PROBLEM TO SOLVE: What you return should be the full listing, copied exactly and stripped of its pictures.

DATA EXTRACT:
--------------------------------

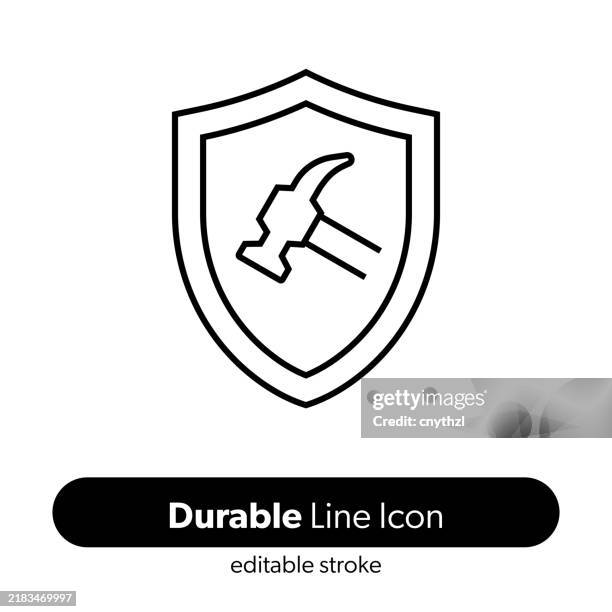 ilustrações de stock, clip art, desenhos animados e ícones de durable line icon. editable stroke vector icon. - resistência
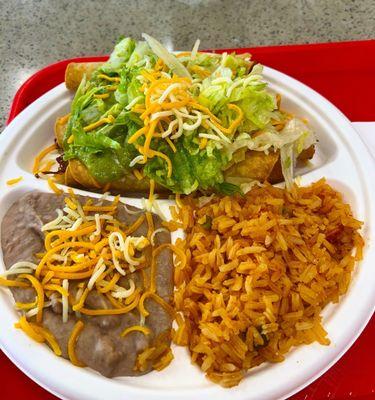 Saturday Special...5 taquitos platter with rice, beans and drink for only $7.49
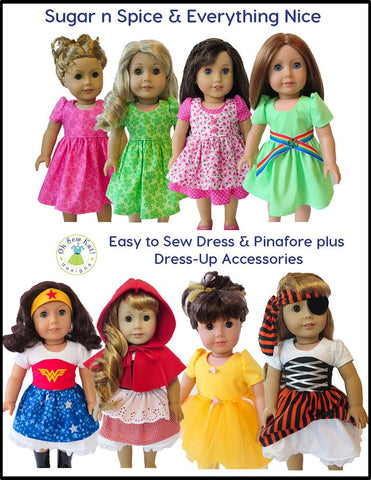 Oh Sew Kat 18 Inch Modern Sugar n Spice & Everything Nice Dress & Pinafore with Dress Up Accessories 18" Doll Clothes Pattern larougetdelisle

--------------------------------

RESPONSE TO THIS EXERCISE:
 ilustrações de stock, clip art, desenhos animados e ícones de durable line icon. editable stroke vector icon. - resistência
 Saturday Special...5 taquitos platter with rice, beans and drink for only $7.49
 Oh Sew Kat 18 Inch Modern Sugar n Spice & Everything Nice Dress & Pinafore with Dress Up Accessories 18" Doll Clothes Pattern larougetdelisle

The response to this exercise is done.